Sometimes learning to take a step back is the most important lesson and your priority goal
It wasn’t long after I started working with teachers that I realized personal accountability was the only way to get actual change in the classrooms. I went from one-and-done trainings to cohort-based, long-term professional development. Part of that includes asking teachers to commit to try one of the new elements they used. It doesn’t have to be huge, but there needs to be a commitment to try something – even if it’s small. For example, the session may have gone over direct instruction. Some teachers may have committed to all parts of the lesson – modeling, showing relevance, closure. Others may take the smaller step of incorporating more “I” statements during modeling. It’s up to the teachers, but they own their goals. And, for the most part, teachers like the accountability of having instructional goals. And it’s an amazing feeling for me to witness classroom change from the teachers who embrace it.
But sometimes instructional change or development needs to take a backseat. During one of my cohort sessions last month, I was talking to one my strongest teachers. She’s a department chair, an athletics coach, and I ask her to present professional development each year. And it’s clear she’s tired. From dealing with things in her own life (because life happens even to the most put together) to dealing with her department, it became clear to me she needed a break. So I said to her, “You know your goal this time, it can be self care.”

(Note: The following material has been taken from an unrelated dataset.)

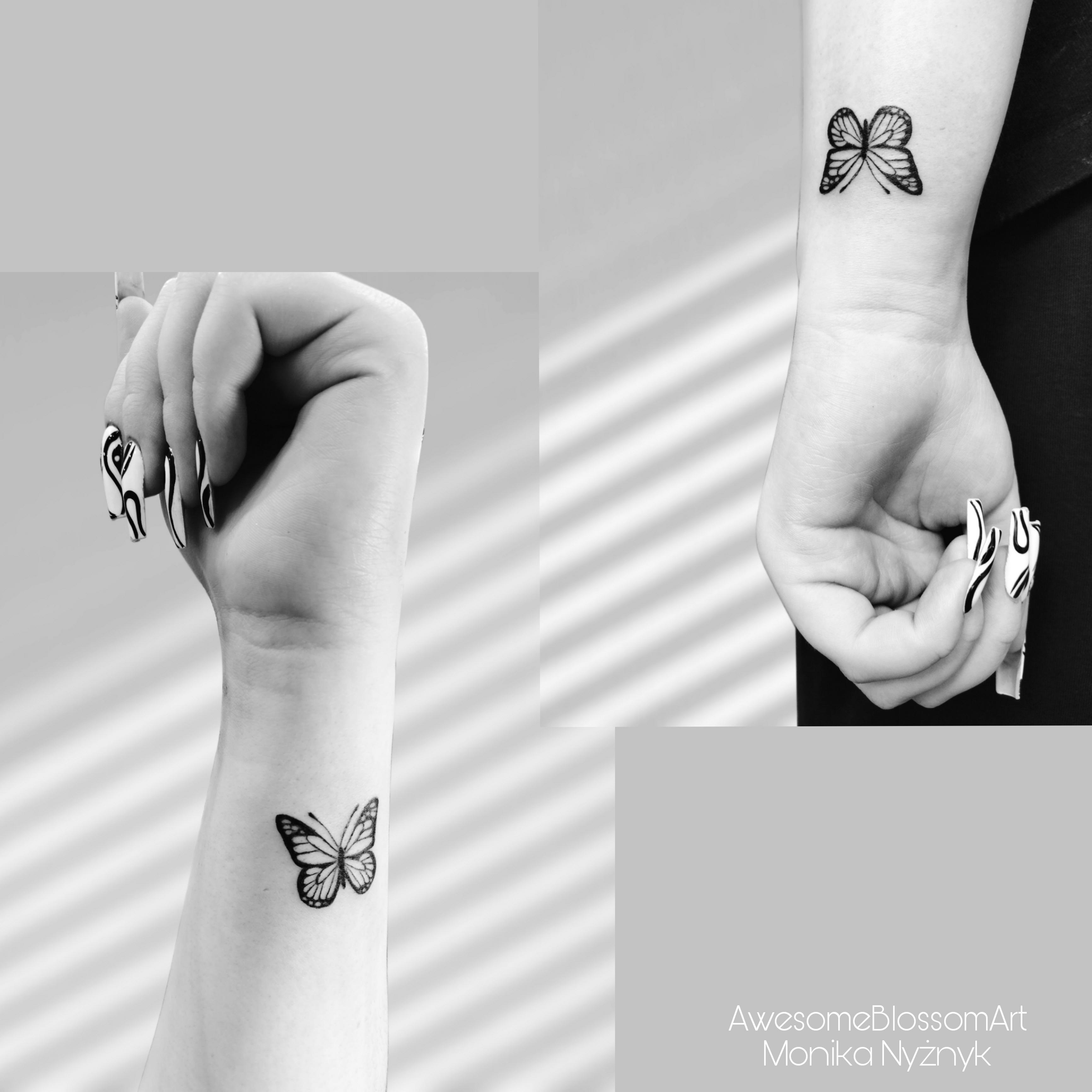 Inksearch tattoo AwesomeBlossomArt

To use an airline safety metaphor, you need to put on your oxygen mask first.
I saw her and a few others of my best teachers a few days later at an instructional material adoption meeting – another requirement assigned to your best, most trustworthy teachers. I listened as they discussed how much was on their plates and the daily stresses of the classroom and everything else they did on campus that was above and beyond. I mentioned it again – “really, focus on self care.”

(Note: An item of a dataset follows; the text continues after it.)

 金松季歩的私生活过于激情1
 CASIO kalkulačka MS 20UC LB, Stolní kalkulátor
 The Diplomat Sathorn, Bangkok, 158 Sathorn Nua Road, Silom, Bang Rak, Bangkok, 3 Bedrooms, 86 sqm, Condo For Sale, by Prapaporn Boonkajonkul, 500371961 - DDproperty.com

The truth is I need these teachers for the long haul and the students do too. They are change agents in their classrooms. But they can’t do everything or be everything to everyone. If you’re familiar with situational leadership, these are the high competence, high confidence group. They’re the group to which you delegate because you know they can get it done. But how much is too much? How often do I see campus administrators lean on these teachers? And the teachers don’t say no.

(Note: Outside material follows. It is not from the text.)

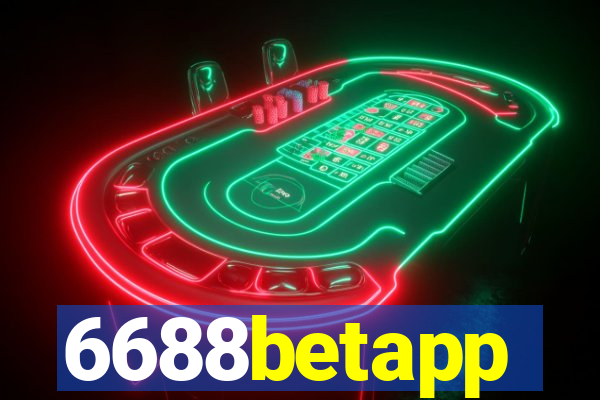 6688betapp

I’ve had to learn the hard way that saying no is necessary. Otherwise, you train other people that you will always be there to pick up the slack, get the job done, make it happen when others abdicate responsibility. And it’s exhausting. When you’re the teacher always making sure the lesson is spot on and copies are made and the class of the teacher who’s out has something relevant to do and… the list goes on. You do it for the students, you do it to help, you do it with the best intentions until you’re out of energy. But what does that mean for you and your students?
To use an airline safety metaphor, you need to put on your oxygen mask first. You’re not going to end up being any good to anyone including yourself, if your stressed, sick, tired, and emotionally exhausted.
So what do you do?
Define what is your actual responsibility
First look at what is your actual responsibility. You need to make sure you’re ready for your classes and your students. Second, what additional roles do you have? What are the actual responsibilities you have for that role?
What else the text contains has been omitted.